Killing Them Softly (2012)
Written & Directed by Andrew Dominik
In the fall of 2008, with the presidential election and the financial crisis playing out in the background, Frankie and Russell carry out the robbery of a Mafia-run poker game. Planned by their friend Johnny “The Squirrel” they target a competition run by Markie, a man who once held up his own game and so now suspicion surrounds him. They figure everyone will think Markie did it again and he’ll feel the brunt of the mob. However, the Mafia calls in Jackie, a well-known hitman who immediately knows Markie isn’t this stupid. It’s only a matter of time until all parties involved in the heist are found and Jackie has to deliver his revenge. From there, things get dodgy as the film meanders off, focusing on side characters and slowing the momentum of the story way down.
Killing Them Softly appears to be a film that stalled filmmaker Andrew Dominik’s career somewhat.
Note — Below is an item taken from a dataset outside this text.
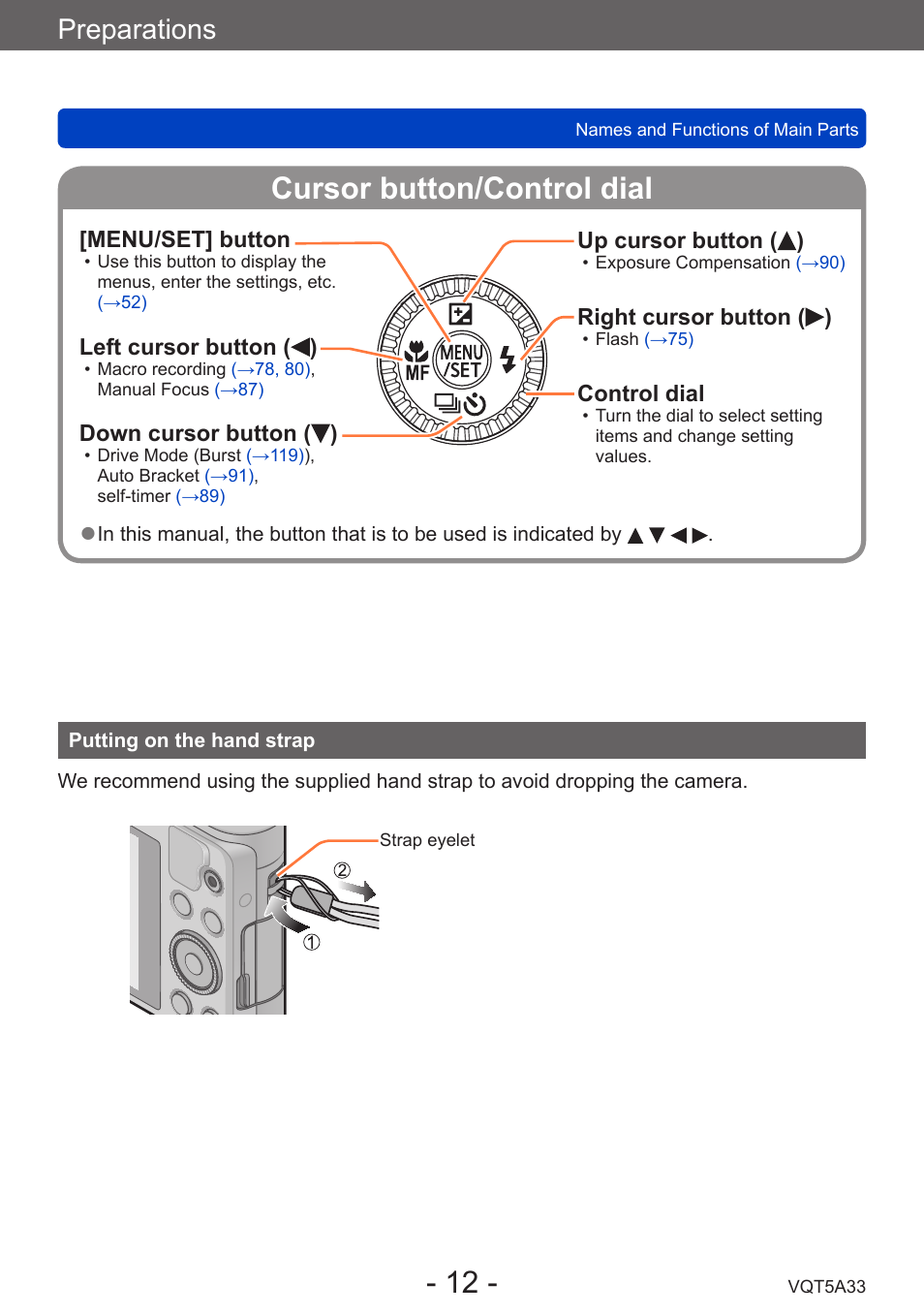 Cursor button/control dial, Putting on the hand strap, Cursor button/control dial - 12 | Preparations | Panasonic DMC-LF1W User Manual | Page 12 / 285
This is the first film of his I’ve seen, the previous two being Chopper and The Assassination of Jesse James by the Coward Robert Ford (which I need to see, and have heard rave reviews about for over a decade). This movie does not appear to have landed well with critics, and I can see why. There is a sense of potential in the film’s first act, the performances being given by Scott McNairy and Ben Mendelsohn are fantastic. Then Brad Pitt as Jackie Cogan playing off of Richard Jenkins as the mob go-between adds to the fun. It’s around that time you begin to realize that there’s no momentum or sense of direction. We had a tense hold-up scene at the poker game, and the inevitable offing of those involved is being stalled for no real good reason.
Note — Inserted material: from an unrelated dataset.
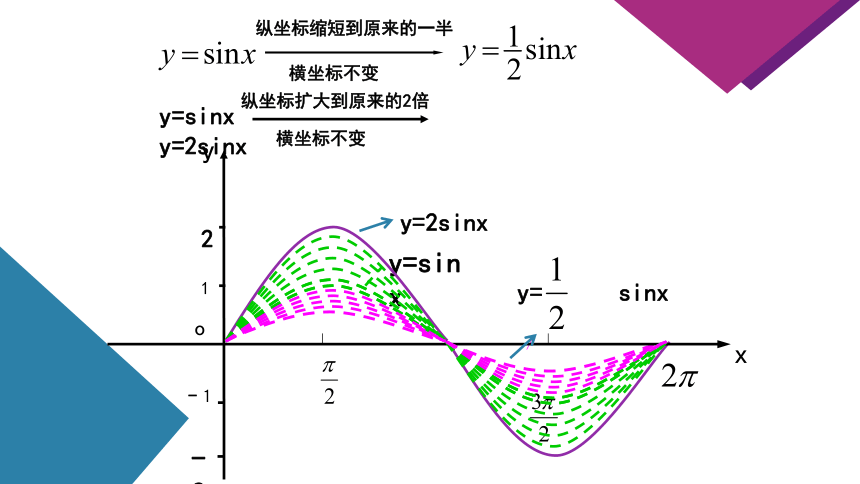 5.6.2 函数y=Asin(ωx  φ)的图象 第一课时 课件（共44张PPT）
I’ve had a hard time grasping what exactly Dominik is trying to say in this movie. He wields subtext like a hammer, making sure speeches from Barack Obama, George W. Bush, and Hank Paulson are heard in the background. It begins to become evident that Dominik is trying to draw parallels between the financial crisis and the way the players in this crime story are operating, but I’m at a loss as to what he’s saying. In the middle of the movie, we have moments of brilliance, especially with James Gandolfini’s aging hitman at the end of his line. Gandolfini fleshes out a complicated figure, charismatic but unlikable, one of those types the actor was masterful at creating. However, he is written out of the movie offscreen while we get another blaring political speech in the middle of a bar while other characters drink.
I suspect Dominik was being influenced by some better-made sources: The Coen Brothers, Martin Scorsese, and Quentin Tarantino. Because there are so many other movies swirling around in Dominik’s head while working through his creative process Killing Them Softly feels overstuffed with ideas but underdeveloped as a cohesive plot-driven film and unfocused as a potential character study. By the end of the picture, you don’t care about anyone because you haven’t been allowed enough time to get to know them so when the bodies start dropping the most you can elicit is a shrug. There’s some gorgeously framed image along the way but not enough to recommend anyone rush out and find this movie.